Soft Commodities. In 1998 the Partnership had a reasonable amount of
exposure in the markets that comprise these sectors. Within these complexes most
of the exposure was in the cocoa and cotton markets. Overall, however, the
Partnership's exposure in these complexes is generally less than the exposure in
the currency and interest rate sectors. Price movements in these markets are
affected by supply demand inequalities, severe weather disruptions, and market
expectations.
Qualitative Disclosures Regarding Non-Trading Risk Exposure
The following was the only non-trading risk exposure of the Partnership
as of December 31, 1998:
-30-
Foreign Currency Balances. The Partnership's primary foreign currency
balances are in Japanese yen, British pounds, Deutsche marks and Australian
dollars. The Partnership controls the non-trading risk of these balances by
regularly converting these balances back into dollars upon liquidation of the
respective position.
Qualitative Disclosures Regarding Means of Managing Risk Exposure
The means by which the Partnership and the Trading Manager, severally,
attempt to manage the risk of the Partnership's open positions are essentially
the same in all market categories traded. Demeter attempts to manage the
Partnership's market exposure by (i) diversifying the Partnership's assets among
different market sectors and trading approaches, and (ii), monitoring the
performance of the Trading Manager on a daily basis. In addition, the Trading
Manager establishes diversification guidelines, often set in terms of the
maximum margin to be committed to positions in any one market sector or market
sensitive instrument.
Demeter monitors and controls the risk of the Partnership's non-trading
instruments, cash, which is the only Partnership investment directed by Demeter,
rather than the Trading Manager.
-31-
Item 8. FINANCIAL STATEMENTS AND SUPPLEMENTARY DATA
The information required by this Item appears in the Annual Report to
Limited Partners for the year ended December 31, 1998 and is incorporated by
reference in this Annual Report on Form 10-K.
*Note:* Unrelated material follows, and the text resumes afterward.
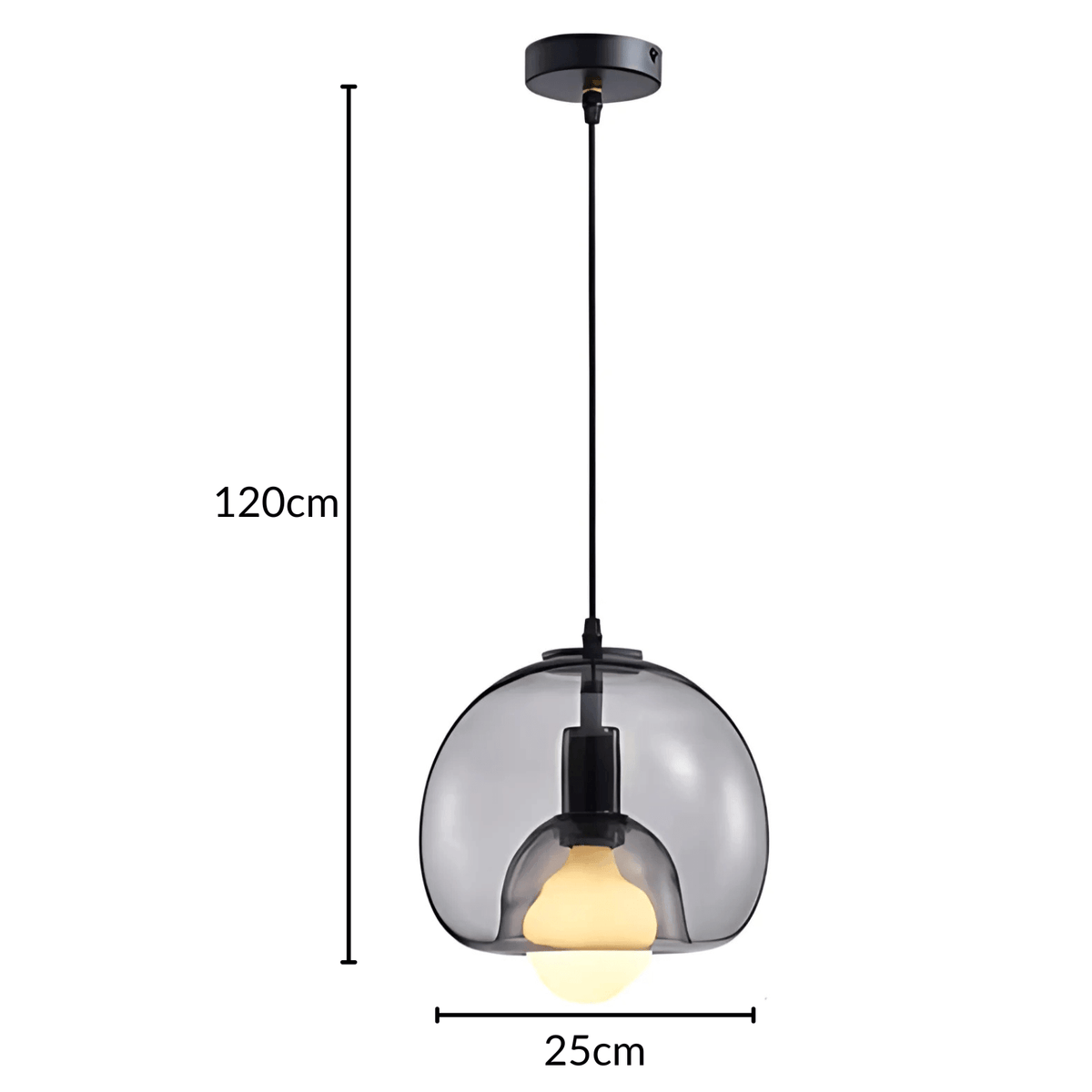 Clyde pendant light size drawing with shade and cord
Item 9. CHANGES IN AND DISAGREEMENTS WITH ACCOUNTANTS ON
ACCOUNTING AND FINANCIAL DISCLOSURE
None.
-32-
PART III
Item 10. DIRECTORS AND EXECUTIVE OFFICERS OF THE REGISTRANT
There are no directors or executive officers of the Partnership. The
Partnership is managed by Demeter.
Directors and Officers of the General Partner
The directors and officers of Demeter are as follows:
Mark J. Hawley, age 55, is Chairman of the Board and a Director of
Demeter. Mr. Hawley is also Chairman of the Board and a Director of DWFCM. Mr.
Hawley previously served as President of Demeter throughout 1998. Mr. Hawley
joined DWR in February 1989 as Senior Vice President and is currently the
Executive Vice President and Director of DWR's Product Management for Individual
Asset Management. In this capacity, Mr. Hawley is responsible for directing the
activities of the firm's Managed Futures, Insurance, and Unit Investment Trust
Business. From 1978 to 1989, Mr. Hawley was a member of the senior management
team at Heinold Asset Management, Inc., a CPO, and was responsible for a variety
of projects in public futures funds. From 1972 to 1978, Mr. Hawley was a Vice
President in charge of institutional block trading for the Mid-West at Kuhn Loeb
& Company.
-33-
Joseph G. Siniscalchi, age 53, is a Director of Demeter. Mr.
Siniscalchi joined DWR in July 1984 as a First Vice President, Director of
General Accounting and served as a Senior Vice President and Controller for
DWR's Securities Division through 1997. He is currently Executive Vice President
and Director of the Operations Division of DWR. From February 1980 to July 1984,
Mr. Siniscalchi was Director of Internal Audit at Lehman Brothers Kuhn Loeb,
Inc.
Edward C. Oelsner, III, age 56, is a Director of Demeter. Mr.
Oelsner is currently an Executive Vice President and head of the Product
Development Group at Dean Witter InterCapital Inc., an affiliate of DWR. Mr.
Oelsner joined DWR in 1981 as a Managing Director in DWR's Investment Banking
Department specializing in coverage of regulated industries and, subsequently,
served as head of the DWR Retail Products Group. Prior to joining DWR, Mr.
Oelsner held positions at The First Boston Corporation as a member of the
Research and Investment Banking Departments from 1967 to 1981. Mr. Oelsner
received his M.B.A. in Finance from the Columbia University Graduate School of
Business in 1966 and an A.B. in Politics from Princeton University in 1964.
Robert E. Murray, age 38, is President and a Director of Demeter.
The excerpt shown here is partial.